DIRECTIONS FOR THIS TASK => Copy out exactly the line that contains "Gameplay seru dengan" and all lines following it to the end of the data.

Segment Open

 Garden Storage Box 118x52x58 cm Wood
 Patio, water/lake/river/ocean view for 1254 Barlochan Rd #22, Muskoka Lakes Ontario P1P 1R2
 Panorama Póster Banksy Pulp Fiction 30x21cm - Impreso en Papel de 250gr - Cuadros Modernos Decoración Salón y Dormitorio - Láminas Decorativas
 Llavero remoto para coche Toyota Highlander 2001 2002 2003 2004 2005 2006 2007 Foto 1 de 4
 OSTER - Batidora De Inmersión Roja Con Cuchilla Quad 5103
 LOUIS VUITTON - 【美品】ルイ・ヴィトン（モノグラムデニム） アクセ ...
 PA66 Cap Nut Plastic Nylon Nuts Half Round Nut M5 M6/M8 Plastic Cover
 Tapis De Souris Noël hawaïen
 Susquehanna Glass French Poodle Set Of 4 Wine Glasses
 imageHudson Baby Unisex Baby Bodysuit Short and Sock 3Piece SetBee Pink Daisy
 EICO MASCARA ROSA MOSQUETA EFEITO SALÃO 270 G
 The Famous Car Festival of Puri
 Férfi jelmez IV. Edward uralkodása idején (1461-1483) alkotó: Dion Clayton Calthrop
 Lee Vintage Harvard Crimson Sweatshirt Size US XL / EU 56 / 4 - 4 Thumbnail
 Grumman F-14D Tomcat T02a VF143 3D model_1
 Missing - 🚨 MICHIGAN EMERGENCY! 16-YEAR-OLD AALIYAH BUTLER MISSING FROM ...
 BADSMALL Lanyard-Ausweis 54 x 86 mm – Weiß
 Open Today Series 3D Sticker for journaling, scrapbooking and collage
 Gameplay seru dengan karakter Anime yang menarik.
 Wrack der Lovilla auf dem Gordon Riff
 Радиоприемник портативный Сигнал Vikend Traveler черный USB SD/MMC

Segment Closed

EXERCISE RESULT =>
 Gameplay seru dengan karakter Anime yang menarik.
 Wrack der Lovilla auf dem Gordon Riff
 Радиоприемник портативный Сигнал Vikend Traveler черный USB SD/MMC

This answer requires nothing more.